The last time I dove was two years ago in Kenya
Finished with the diving, I felt free. No longer bothered by heavy equipment, I busied myself with snorkeling and doing backlflips off the top of the boat. I was also able to join Helen and Sharon as they played in the ocean. It was fun to coach Helen into taking her life jacket off and try to tread water on her own. For a beginner, she did pretty well (she just started taking lessons last year). After a wonderful day at sea, we ate at a Korean restaurant, played cards and drank some cocktails with Connor, the Irish bus companion.
Back to Phnom Penh (PP)
The bus back to PP was as noisy as the bus to Sihanoukville was cold. Loud TVs played repetitive Cambodia songs the whole way. When we arrived we were surrounded by dozens of our closest friends offering us rides anywhere we wanted to go. We managed to escape the crowd and find a bus to Siem Reap for Cloud and Sharon. They would be flying out later the day. Helen and I eventually hired the most persistent driver to take us to our guidebook recommended place, the Royal Guesthouse
We relaxed in our royal room and then wandered around the city. Despite a bad first impression, the city had many fine attractions worth walking for. The river, though brown, was wide and full of interesting boat traffic. There is a large palace and some well-kept museums. We checked out the National Museum, which was nice, but incredibly cluttered and lacking in info. After we treated ourselves to some Irish grub, quite tasty. With plans to go out and experience the night life, we went home and napped, waking up the next morning...oops.
Saving the best for last
This is not just a cheesy cliche to keep you reading. My favorite part of PP and possibly all of Cambodia was the Tuol Sleng Genocide Museum. Although it took us a long time to get there, it was worth it. I thought we could walk there, but I was judging distances pretty inaccurately. After exploring a mall, a grocery store and walking for too many hot blocks, we finally hired a Tuk-tuk.

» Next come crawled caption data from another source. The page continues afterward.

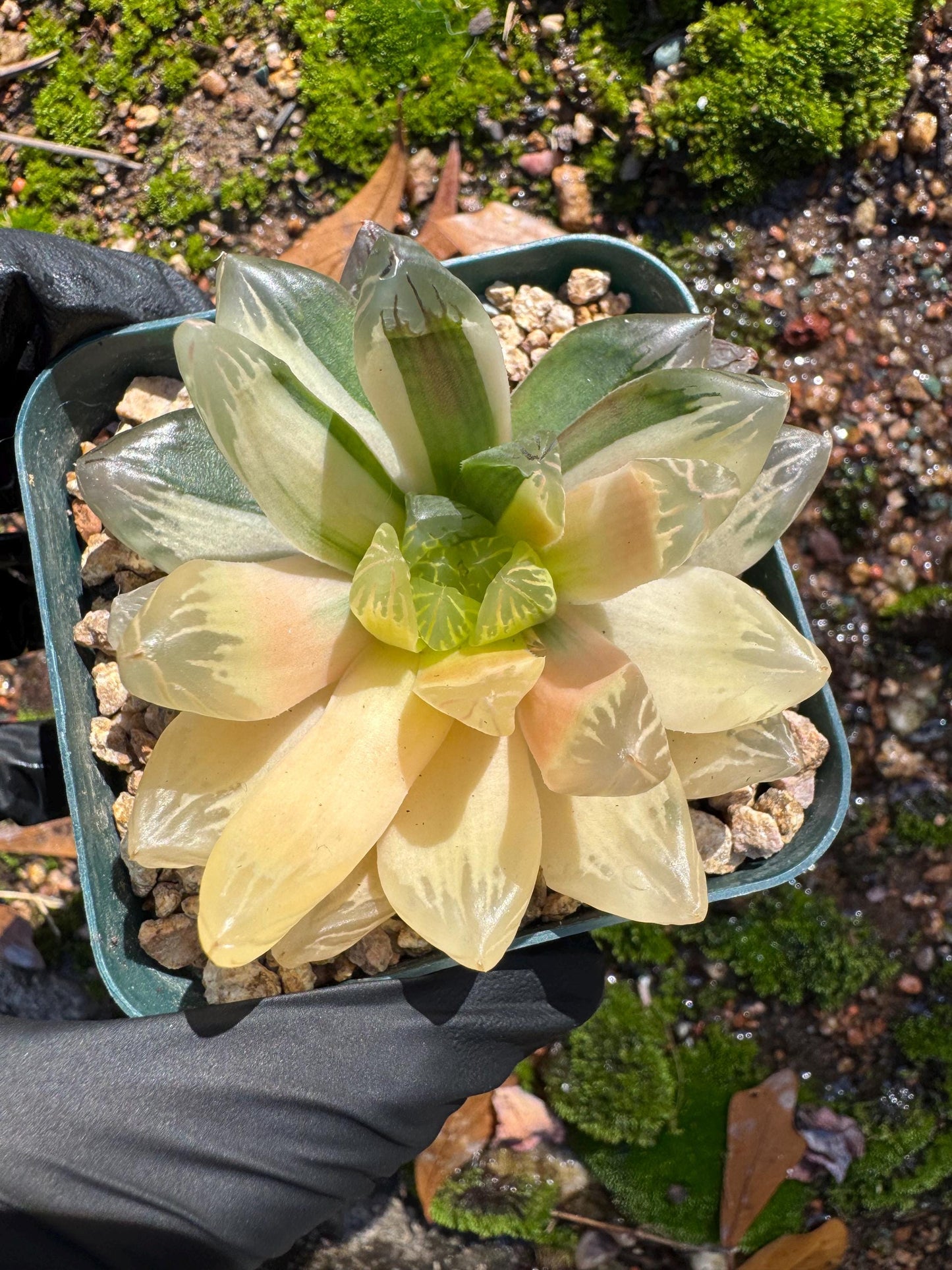 Haworthia' Hanabi Variegated',  single head, 2.3 inches, bare Root, Imported Rare Succulent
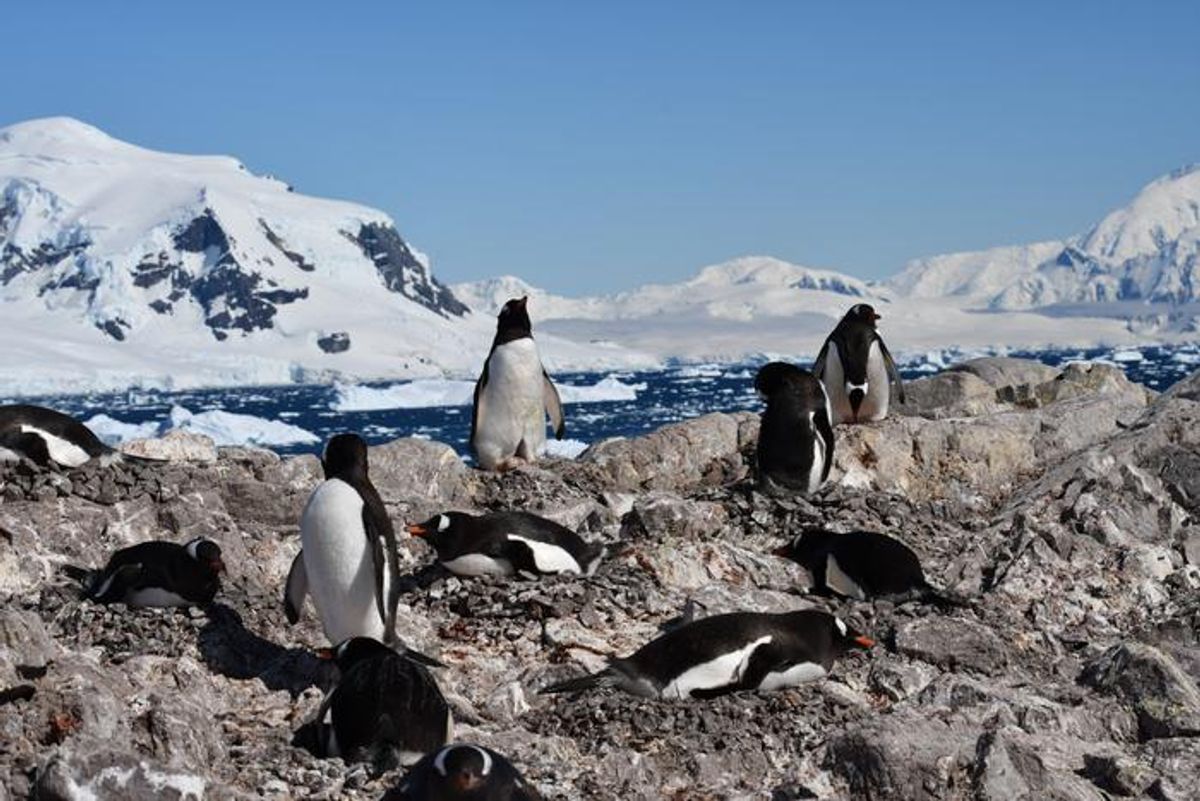 Antarctic Penguins Are Breeding 13 Days Earlier Than They Did a Decade Ago — Likely Due to Climate Change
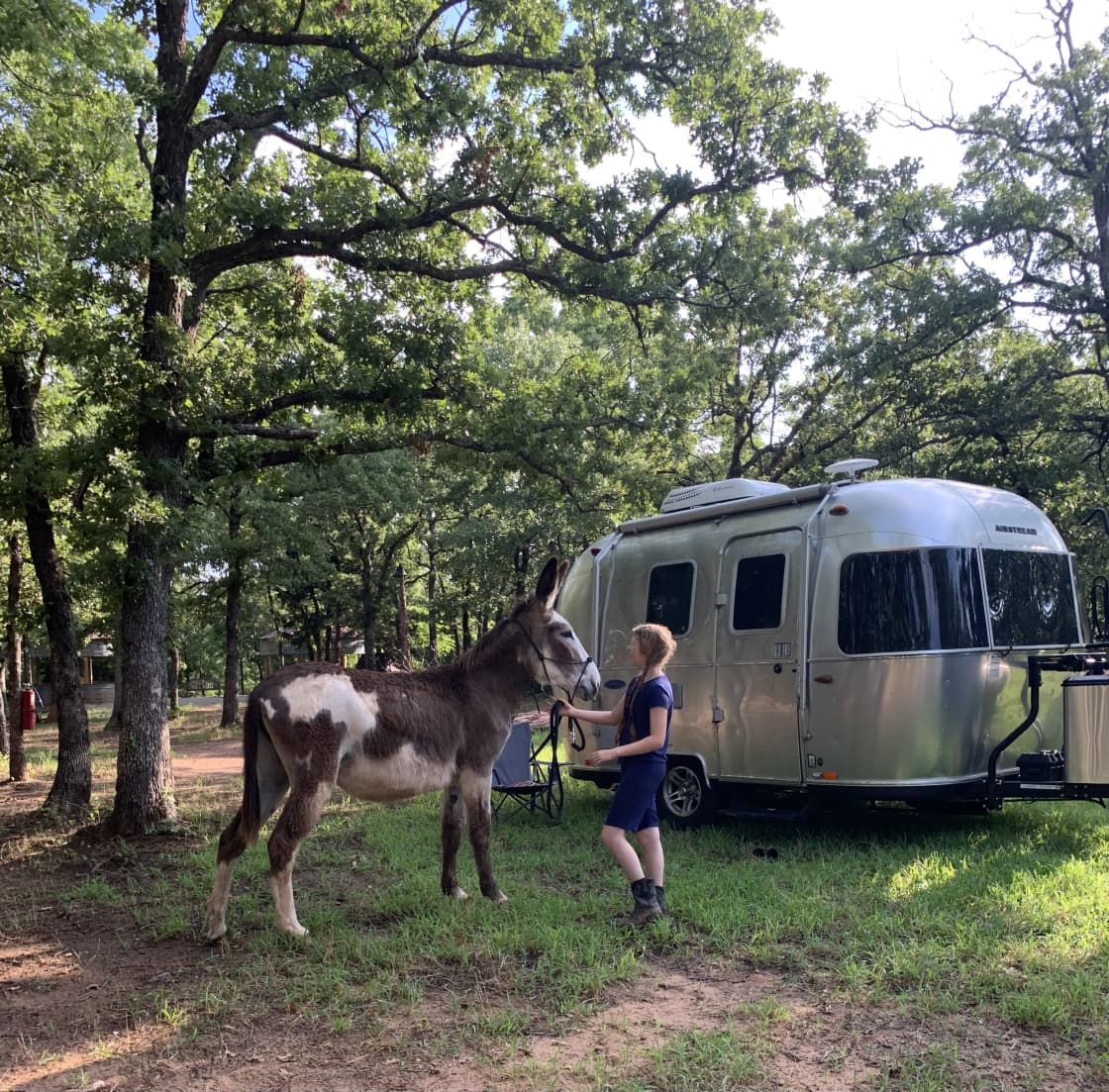 Airstream at Hope Hill gets a visit from one of the mammoth donkeys (Sparrow!)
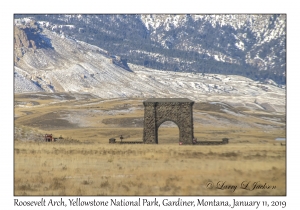 Roosevelt Arch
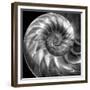 Nautilus 4-Moises Levy-Framed Photographic Print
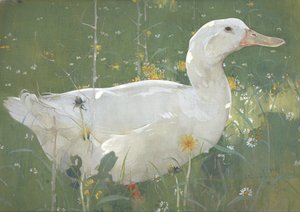 Valkoinen Drake tekijältä Joseph Crawhall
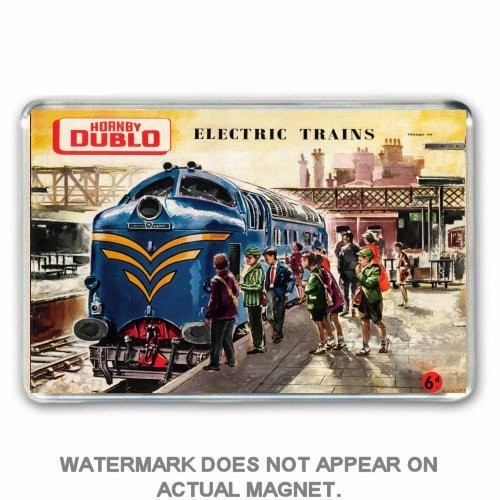 Retro hornby dublo - dublo, deltic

Upon arrival, amputees and other unfortunates, most likely around for the Khmer occupation, beg for money. Formerly a High School, the Khmer Rouge used Security Prison 21 (S-21) as an interrogation facility, torture center and extermination camp. Of the 17,000 people imprisoned in four years, there were only 12 known survivors. In the first building, I was struck by the simple gruesomeness
The next building was shocking for the amount of detail. Every victim was photographed and catalogued. The record keeping was pretty astounding. Thankfully for family and friends, most of the victims are known. The amount of information about the regime, torture methods and victims was fascinating and impressive. I wanted to stay for much longer, but we needed to catch our flight. Due to time, we didn't get to look at the other buildings.
Leaving with a sour taste
On our way back to the hotel the tuk-tuk driver got lost and wouldn't listen to me about where to go. Finally, he stopped and asked another driver who told him to do what I had already told him. Back at the guesthouse, we quickly packed all of our stuff and took another driver to the airport. When we arrived at the airport, we realized my watch was an hour fast and we were plenty early...ahh
By the time I was boarding the plane for Thailand, I was happy to be leaving the country. Although I am glad I went, I don't think I will ever go back to Cambodia again.